→ **Description of the task**
Your answer must be an exact copy of the data below.
..............................
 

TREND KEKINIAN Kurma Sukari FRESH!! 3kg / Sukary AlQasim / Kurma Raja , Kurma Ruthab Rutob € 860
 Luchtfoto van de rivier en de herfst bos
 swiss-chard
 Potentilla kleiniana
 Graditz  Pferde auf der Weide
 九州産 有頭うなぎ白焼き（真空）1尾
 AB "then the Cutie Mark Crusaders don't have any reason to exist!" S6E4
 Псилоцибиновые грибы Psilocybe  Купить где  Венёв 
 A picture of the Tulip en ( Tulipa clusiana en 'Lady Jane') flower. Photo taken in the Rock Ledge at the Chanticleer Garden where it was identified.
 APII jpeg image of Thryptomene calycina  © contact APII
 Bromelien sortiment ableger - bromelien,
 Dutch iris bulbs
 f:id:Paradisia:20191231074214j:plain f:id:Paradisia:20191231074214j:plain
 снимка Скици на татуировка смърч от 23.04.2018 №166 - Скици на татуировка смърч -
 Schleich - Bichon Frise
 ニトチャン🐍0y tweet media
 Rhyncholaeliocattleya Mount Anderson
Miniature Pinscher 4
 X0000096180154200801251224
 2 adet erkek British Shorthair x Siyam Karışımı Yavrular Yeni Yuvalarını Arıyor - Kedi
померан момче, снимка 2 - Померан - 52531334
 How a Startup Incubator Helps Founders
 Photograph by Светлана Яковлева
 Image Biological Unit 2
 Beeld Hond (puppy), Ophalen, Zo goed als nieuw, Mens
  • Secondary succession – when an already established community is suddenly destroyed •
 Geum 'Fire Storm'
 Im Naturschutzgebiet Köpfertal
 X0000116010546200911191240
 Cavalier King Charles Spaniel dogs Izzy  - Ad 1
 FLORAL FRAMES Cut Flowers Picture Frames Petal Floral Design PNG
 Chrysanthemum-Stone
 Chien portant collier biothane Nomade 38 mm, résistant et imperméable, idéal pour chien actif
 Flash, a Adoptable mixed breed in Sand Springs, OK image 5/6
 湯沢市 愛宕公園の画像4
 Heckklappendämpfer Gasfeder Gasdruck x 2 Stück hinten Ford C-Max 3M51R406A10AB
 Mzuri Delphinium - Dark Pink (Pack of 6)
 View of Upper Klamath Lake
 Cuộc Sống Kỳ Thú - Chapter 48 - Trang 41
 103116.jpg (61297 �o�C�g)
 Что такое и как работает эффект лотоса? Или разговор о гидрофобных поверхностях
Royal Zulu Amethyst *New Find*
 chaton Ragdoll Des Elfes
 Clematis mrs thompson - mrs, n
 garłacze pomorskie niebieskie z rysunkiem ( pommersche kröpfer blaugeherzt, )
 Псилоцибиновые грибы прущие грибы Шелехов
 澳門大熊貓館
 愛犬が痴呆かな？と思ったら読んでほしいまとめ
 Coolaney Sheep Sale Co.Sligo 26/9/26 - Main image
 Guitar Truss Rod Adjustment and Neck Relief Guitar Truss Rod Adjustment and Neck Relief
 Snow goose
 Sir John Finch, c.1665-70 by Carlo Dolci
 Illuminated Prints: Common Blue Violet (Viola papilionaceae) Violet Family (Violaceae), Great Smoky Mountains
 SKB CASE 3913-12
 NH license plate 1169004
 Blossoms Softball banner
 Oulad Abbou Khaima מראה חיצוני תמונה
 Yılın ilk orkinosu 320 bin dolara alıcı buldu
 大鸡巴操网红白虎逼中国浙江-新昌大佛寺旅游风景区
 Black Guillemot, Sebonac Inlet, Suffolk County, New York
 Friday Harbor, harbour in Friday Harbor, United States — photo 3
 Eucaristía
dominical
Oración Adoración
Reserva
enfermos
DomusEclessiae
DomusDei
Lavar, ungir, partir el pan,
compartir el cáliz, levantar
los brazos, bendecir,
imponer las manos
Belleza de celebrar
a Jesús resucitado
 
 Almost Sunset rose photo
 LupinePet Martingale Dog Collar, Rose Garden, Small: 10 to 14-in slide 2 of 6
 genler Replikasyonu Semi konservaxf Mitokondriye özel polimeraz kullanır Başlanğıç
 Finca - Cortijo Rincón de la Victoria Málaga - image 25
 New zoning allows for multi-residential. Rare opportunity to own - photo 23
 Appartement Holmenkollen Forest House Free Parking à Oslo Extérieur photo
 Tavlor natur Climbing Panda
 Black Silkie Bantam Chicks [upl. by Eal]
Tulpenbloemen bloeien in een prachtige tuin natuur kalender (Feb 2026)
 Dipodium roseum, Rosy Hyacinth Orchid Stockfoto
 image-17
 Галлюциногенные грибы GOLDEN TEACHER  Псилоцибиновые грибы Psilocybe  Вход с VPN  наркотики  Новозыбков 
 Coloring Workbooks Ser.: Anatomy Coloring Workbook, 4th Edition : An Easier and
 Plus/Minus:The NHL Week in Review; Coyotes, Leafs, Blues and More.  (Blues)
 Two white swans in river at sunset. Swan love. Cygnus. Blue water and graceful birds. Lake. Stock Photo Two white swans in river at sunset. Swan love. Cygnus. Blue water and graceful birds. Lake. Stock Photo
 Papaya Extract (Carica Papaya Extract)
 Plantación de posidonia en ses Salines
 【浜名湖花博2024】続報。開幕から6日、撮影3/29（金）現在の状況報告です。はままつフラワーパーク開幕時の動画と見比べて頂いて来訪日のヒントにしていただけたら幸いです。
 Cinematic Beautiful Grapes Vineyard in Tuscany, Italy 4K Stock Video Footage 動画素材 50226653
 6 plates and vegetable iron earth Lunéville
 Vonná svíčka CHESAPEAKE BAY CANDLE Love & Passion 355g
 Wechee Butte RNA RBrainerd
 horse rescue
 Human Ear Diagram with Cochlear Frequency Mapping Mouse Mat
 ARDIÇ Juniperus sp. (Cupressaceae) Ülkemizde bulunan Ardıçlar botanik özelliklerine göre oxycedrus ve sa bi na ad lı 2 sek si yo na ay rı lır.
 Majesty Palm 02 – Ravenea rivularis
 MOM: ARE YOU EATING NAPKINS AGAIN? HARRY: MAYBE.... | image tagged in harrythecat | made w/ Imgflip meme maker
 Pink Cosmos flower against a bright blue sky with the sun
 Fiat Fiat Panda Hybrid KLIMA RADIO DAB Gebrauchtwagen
..............................
→ **Result for this exercise**
TREND KEKINIAN Kurma Sukari FRESH!! 3kg / Sukary AlQasim / Kurma Raja , Kurma Ruthab Rutob € 860
 Luchtfoto van de rivier en de herfst bos
 swiss-chard
 Potentilla kleiniana
 Graditz  Pferde auf der Weide
 九州産 有頭うなぎ白焼き（真空）1尾
 AB "then the Cutie Mark Crusaders don't have any reason to exist!" S6E4
 Псилоцибиновые грибы Psilocybe  Купить где  Венёв 
 A picture of the Tulip en ( Tulipa clusiana en 'Lady Jane') flower. Photo taken in the Rock Ledge at the Chanticleer Garden where it was identified.
 APII jpeg image of Thryptomene calycina  © contact APII
 Bromelien sortiment ableger - bromelien,
 Dutch iris bulbs
 f:id:Paradisia:20191231074214j:plain f:id:Paradisia:20191231074214j:plain
 снимка Скици на татуировка смърч от 23.04.2018 №166 - Скици на татуировка смърч -
 Schleich - Bichon Frise
 ニトチャン🐍0y tweet media
 Rhyncholaeliocattleya Mount Anderson
Miniature Pinscher 4
 X0000096180154200801251224
 2 adet erkek British Shorthair x Siyam Karışımı Yavrular Yeni Yuvalarını Arıyor - Kedi
померан момче, снимка 2 - Померан - 52531334
 How a Startup Incubator Helps Founders
 Photograph by Светлана Яковлева
 Image Biological Unit 2
 Beeld Hond (puppy), Ophalen, Zo goed als nieuw, Mens
  • Secondary succession – when an already established community is suddenly destroyed •
 Geum 'Fire Storm'
 Im Naturschutzgebiet Köpfertal
 X0000116010546200911191240
 Cavalier King Charles Spaniel dogs Izzy  - Ad 1
 FLORAL FRAMES Cut Flowers Picture Frames Petal Floral Design PNG
 Chrysanthemum-Stone
 Chien portant collier biothane Nomade 38 mm, résistant et imperméable, idéal pour chien actif
 Flash, a Adoptable mixed breed in Sand Springs, OK image 5/6
 湯沢市 愛宕公園の画像4
 Heckklappendämpfer Gasfeder Gasdruck x 2 Stück hinten Ford C-Max 3M51R406A10AB
 Mzuri Delphinium - Dark Pink (Pack of 6)
 View of Upper Klamath Lake
 Cuộc Sống Kỳ Thú - Chapter 48 - Trang 41
 103116.jpg (61297 �o�C�g)
 Что такое и как работает эффект лотоса? Или разговор о гидрофобных поверхностях
Royal Zulu Amethyst *New Find*
 chaton Ragdoll Des Elfes
 Clematis mrs thompson - mrs, n
 garłacze pomorskie niebieskie z rysunkiem ( pommersche kröpfer blaugeherzt, )
 Псилоцибиновые грибы прущие грибы Шелехов
 澳門大熊貓館
 愛犬が痴呆かな？と思ったら読んでほしいまとめ
 Coolaney Sheep Sale Co.Sligo 26/9/26 - Main image
 Guitar Truss Rod Adjustment and Neck Relief Guitar Truss Rod Adjustment and Neck Relief
 Snow goose
 Sir John Finch, c.1665-70 by Carlo Dolci
 Illuminated Prints: Common Blue Violet (Viola papilionaceae) Violet Family (Violaceae), Great Smoky Mountains
 SKB CASE 3913-12
 NH license plate 1169004
 Blossoms Softball banner
 Oulad Abbou Khaima מראה חיצוני תמונה
 Yılın ilk orkinosu 320 bin dolara alıcı buldu
 大鸡巴操网红白虎逼中国浙江-新昌大佛寺旅游风景区
 Black Guillemot, Sebonac Inlet, Suffolk County, New York
 Friday Harbor, harbour in Friday Harbor, United States — photo 3
 Eucaristía
dominical
Oración Adoración
Reserva
enfermos
DomusEclessiae
DomusDei
Lavar, ungir, partir el pan,
compartir el cáliz, levantar
los brazos, bendecir,
imponer las manos
Belleza de celebrar
a Jesús resucitado
 
 Almost Sunset rose photo
 LupinePet Martingale Dog Collar, Rose Garden, Small: 10 to 14-in slide 2 of 6
 genler Replikasyonu Semi konservaxf Mitokondriye özel polimeraz kullanır Başlanğıç
 Finca - Cortijo Rincón de la Victoria Málaga - image 25
 New zoning allows for multi-residential. Rare opportunity to own - photo 23
 Appartement Holmenkollen Forest House Free Parking à Oslo Extérieur photo
 Tavlor natur Climbing Panda
 Black Silkie Bantam Chicks [upl. by Eal]
Tulpenbloemen bloeien in een prachtige tuin natuur kalender (Feb 2026)
 Dipodium roseum, Rosy Hyacinth Orchid Stockfoto
 image-17
 Галлюциногенные грибы GOLDEN TEACHER  Псилоцибиновые грибы Psilocybe  Вход с VPN  наркотики  Новозыбков 
 Coloring Workbooks Ser.: Anatomy Coloring Workbook, 4th Edition : An Easier and
 Plus/Minus:The NHL Week in Review; Coyotes, Leafs, Blues and More.  (Blues)
 Two white swans in river at sunset. Swan love. Cygnus. Blue water and graceful birds. Lake. Stock Photo Two white swans in river at sunset. Swan love. Cygnus. Blue water and graceful birds. Lake. Stock Photo
 Papaya Extract (Carica Papaya Extract)
 Plantación de posidonia en ses Salines
 【浜名湖花博2024】続報。開幕から6日、撮影3/29（金）現在の状況報告です。はままつフラワーパーク開幕時の動画と見比べて頂いて来訪日のヒントにしていただけたら幸いです。
 Cinematic Beautiful Grapes Vineyard in Tuscany, Italy 4K Stock Video Footage 動画素材 50226653
 6 plates and vegetable iron earth Lunéville
 Vonná svíčka CHESAPEAKE BAY CANDLE Love & Passion 355g
 Wechee Butte RNA RBrainerd
 horse rescue
 Human Ear Diagram with Cochlear Frequency Mapping Mouse Mat
 ARDIÇ Juniperus sp. (Cupressaceae) Ülkemizde bulunan Ardıçlar botanik özelliklerine göre oxycedrus ve sa bi na ad lı 2 sek si yo na ay rı lır.
 Majesty Palm 02 – Ravenea rivularis
 MOM: ARE YOU EATING NAPKINS AGAIN? HARRY: MAYBE.... | image tagged in harrythecat | made w/ Imgflip meme maker
 Pink Cosmos flower against a bright blue sky with the sun
 Fiat Fiat Panda Hybrid KLIMA RADIO DAB Gebrauchtwagen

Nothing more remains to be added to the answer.